I drove there in holiday traffic on icy roads. I imagined some folks were headed out for a festive meal or to a party. My mind was on a potential owl sighting and an invigorating walk. When I got into my car, the outside temperature was 14 degrees, but by the time I arrived it had dropped to nine. I wasn’t concerned; I was in the mood for some cold, fresh air.
I stepped onto a well-lit path and began my hike. There were a lot of people – families and couples – taking advantage of the unique event. I heard someone who had just finished the loop mention they had heard an owl.
The trail began in the trees, tall hardwoods that creaked in a breeze. When the woods opened, I crossed a bridge and the wind picked up. I found myself on a boardwalk that was hugged on both sides by tall grasses and a snow-covered lake. Creak, creak, creak. The trees gave voice to the cold winter night. I peered through the dark at the wetland areas and wondered what life made a home in the area. I made a mental note to return in spring to check it out.
Such a gift, this piece of city-nature. It’s like somebody punched a hole in the buildings and left a void where water pooled and trees grew. I love that about my Minnesota cities: so many green spaces.
About halfway through the hike, there was a bonfire. Merciful heat. My fingers had gotten cold from a brief removal of mittens. I’ve learned that once my hands or feet get cold outside, it is hard to regain heat. I stood by the fire until I was sufficiently warm again.
The second half of the hike was much like the first. Trees. Snow. Wind. In all, I spent half an hour on the trail. There was an additional trail that led across the lake. Lanterns lighting a path across the ice. I decided not to cross the lake; The wind was cold. While I love winter, a brisk breeze is a game-changer for me. I hung out with the trees instead.
Another bonfire was situated at the end of the trail. That and a table offering hot chocolate. The fire did good work of warming me on the outside, the hot drink took care of the inside. While the hike was rather short, I didn’t mind. It was just long enough to feel invigorated but short enough to avoid getting too cold. I enjoyed it immensely.

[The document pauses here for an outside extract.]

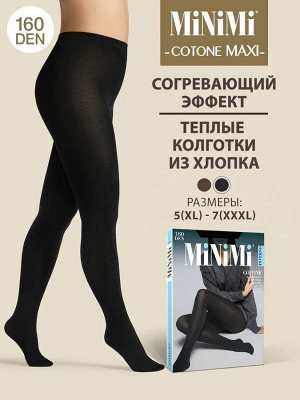 MINIMI COTONE 160 MAXI Колготки женские теплые эластичные из хлопка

I didn’t hear an owl, let alone see one. But I did enjoy the crunch of snow beneath boots, the switch of snow pants, creaking trees, and the friendly chatter of people enjoying the illuminated path on the eve of a new year. While I don’t know what 2022 will bring, I hope it is full of opportunity. Critter sightings. Woodland adventures. More nature hikes. I’m looking forward to more green spaces in the city (or, white, depending upon the season). I’m hoping to go north a lot, as well. Dense woods. Lakes. Wetlands. Life.
Welcome to another year of enjoying nature!